Solomon firmly believes active shooter training in public schools should be mandatory and uniform across the state.
Jill Battal, a school psychologist and president of the Massachusetts School Psychologists Association, is not convinced active shooter training should be required in public schools and says there is not enough evidence confirming the effectiveness of the training.
"To my knowledge there hasn't been a lot of research on the active shooter simulation drills," said Battal. "There is, however, research that supports practicing a lockdown procedure. It helps staff and students be more prepared. Schools and communities really need to weigh the pros and cons of doing a full simulation versus another type of preparedness activity."
Battal adds that no matter which emergency preparedness method a school chooses, a mental health professional should always be involved, adding that the realistic nature of these drills or simulation may impact some students, particularly the younger ones.
"They should be present not just during the drill but really in planning the drill and making sure that we are setting it up for success."
Some parents we spoke to for this story also wondered if an active shooter simulation was the best approach for all children.
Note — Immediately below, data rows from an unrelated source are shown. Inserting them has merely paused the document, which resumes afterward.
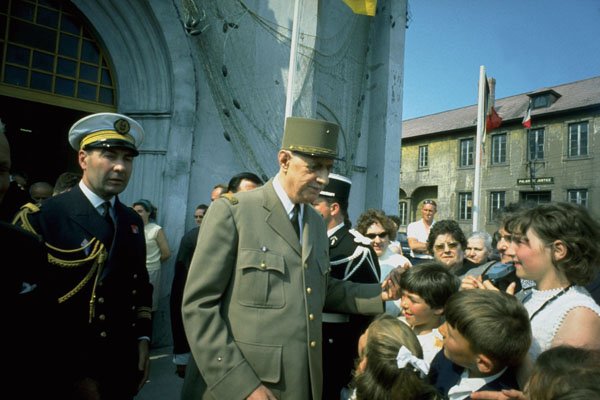 785092 General Charles De Gaulle Outside Church A4 Photo Print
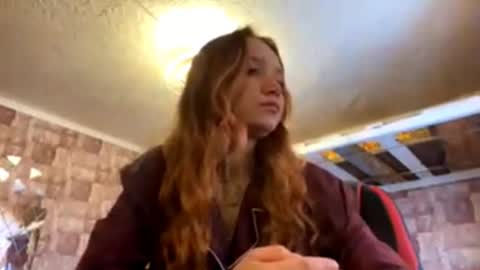 Snapshot of cassandrakolehmainen chatting on 03-02-26, 04:14 Scarlett online show from 03-02-26, 04:14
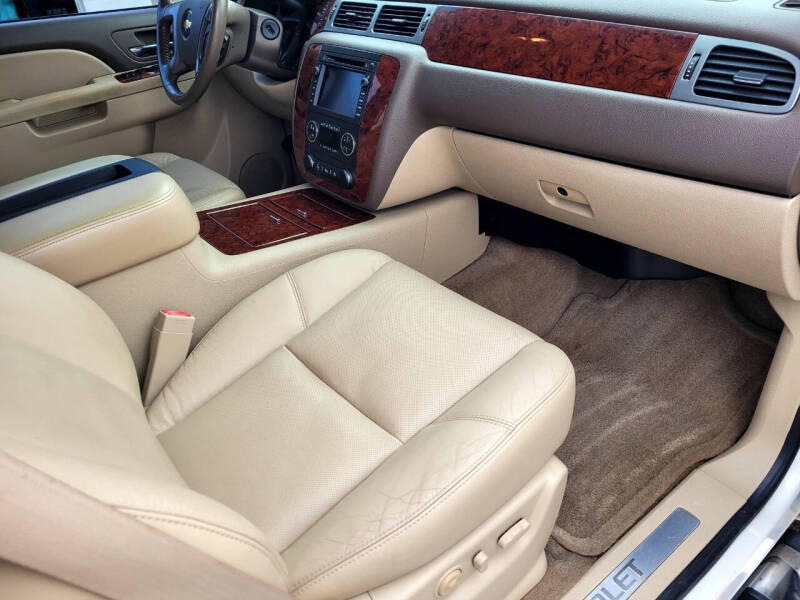 2011 Chevrolet Avalanche LTZ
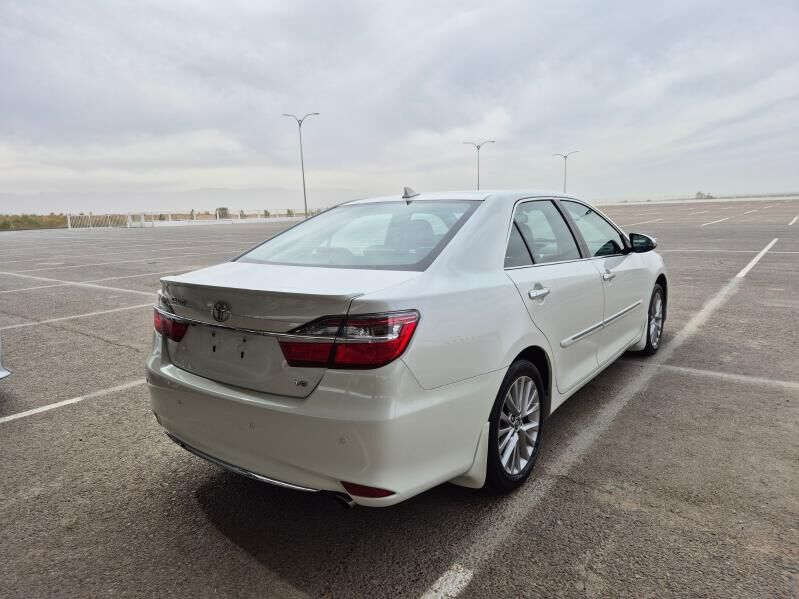 Toyota Camry 2017 - 595 000 TMT - Aşgabat - img 8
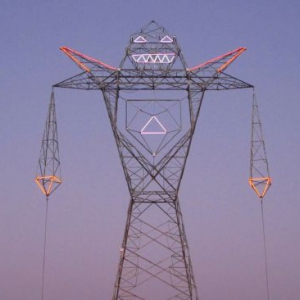 巨型电缆塔机器人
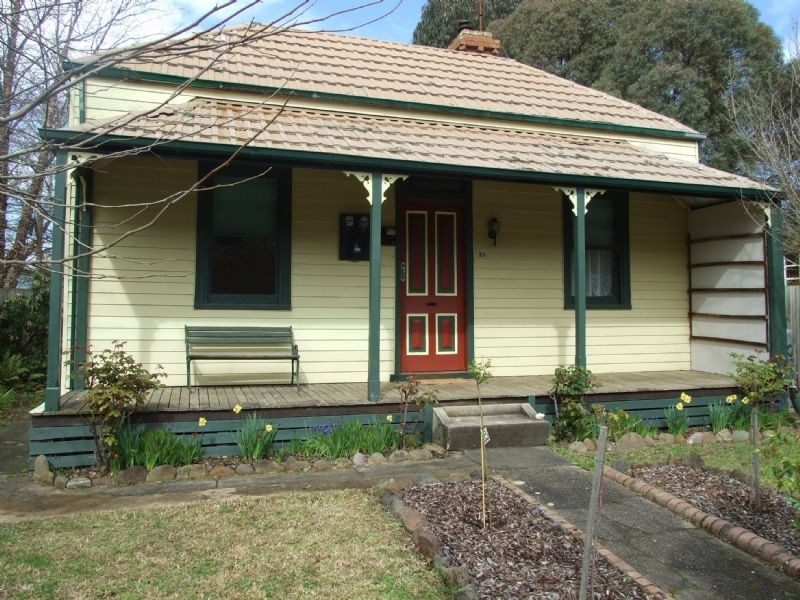 20 Ridgway, Mirboo North VIC 3871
Some even worry that, if not done with care, it could do more harm than good.
Quiana Agbai is a mother of two children who attend elementary school in Hyde Park. While she agrees that schools need to be prepared to respond in the event of a tragedy, she believes the simulations may prove to be too emotionally stressful for some children.
"I would love to see the teachers being trained. I think to put that anxiety on the children who a lot of the time, developmentally, have a hard time distinguishing between what’s real and what’s staged that’s really hard."
Another concern for Agbai is the potential for training the perpetrators.
"In a few incidents the perpetrators are peers, other students. So now they are getting the training so they can proactively know this is how the school will respond, these are the doors that would be locked. It's kind of disconcerting to think that a perpetrator would be getting trained in the same way."
The Massachusetts Chiefs of Police Association tells 25 Investigates they are proactively creating an active shooter curriculum to be used at schools across the state. But currently there is nothing on the books to require districts to follow any set protocols.
The run, hide and fight concept is endorsed at the local, state and federal levels, including by the U.S. Department of Homeland Security and the FBI.